I don’t know for sure, but I’m guessing it doesn’t. It takes eardrums to convert vibration into sound.
But what I do know for sure is this; the falling of Horton Hargrove a few weeks ago definitely made a sound that reverberated throughout the EE community.
I’m sure most of you know that Horton passed away on December 9th.
Horton and Linda Hargrove were the first consultants in New York. Not only did they open the New York market, they built a strong organization and EE presence there.
Maybe a writer who has a gift for words could fully convey who Horton was and what he was like.
But it’s hard for me. In my humble opinion, you had to actually know Horton to understand his significance as a human being and fellow traveler through the journey of life.

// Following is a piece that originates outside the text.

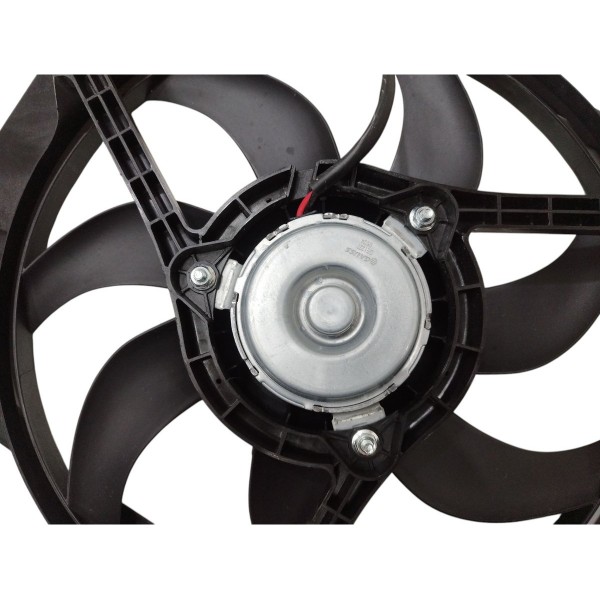 Eletroventilador Defletor Fiat Palio 2001 2002 2003 Original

One always felt good around Horton. He was upbeat. He had a positive spirit. And, he had an infectious laugh.
Even though Horton was older than I was, it always felt like we were the same age. He had a youthful spirit… a youthful energy... and a perspective that was seasoned with wisdom and life experience.

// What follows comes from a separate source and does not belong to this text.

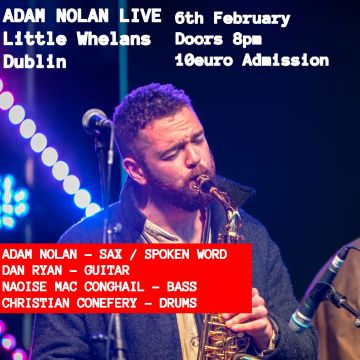 ADAM NOLAN BAND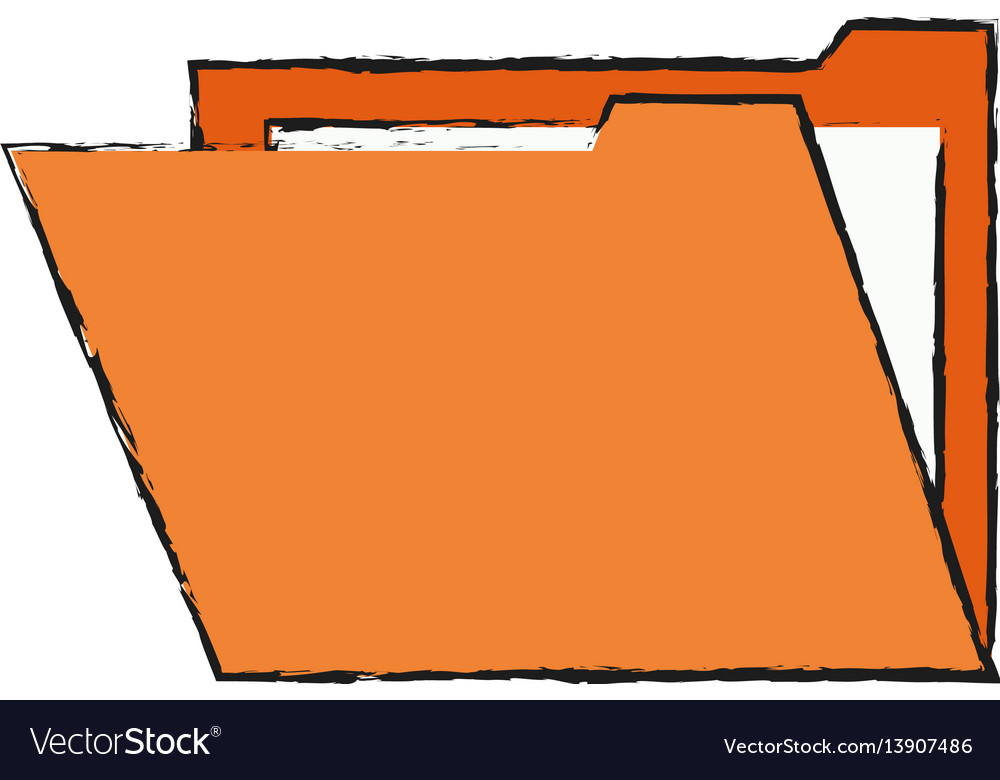 Document folder icon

He had a heart for black people and for black culture. Hence his passion for Blanquette De Limoux and what it represented.
He was a leader, but more importantly, he was a unifying leader. One need only look at who resides in the White House to see the difference.
But the attribute that most impressed me is that he was an empowering leader. There wasn’t an ounce of ego, or bossiness, or the controlling nature you see in many leaders. Horton’s leadership captured perfectly the type of leadership described by Lao Tzu, the ancient Chinese philosopher.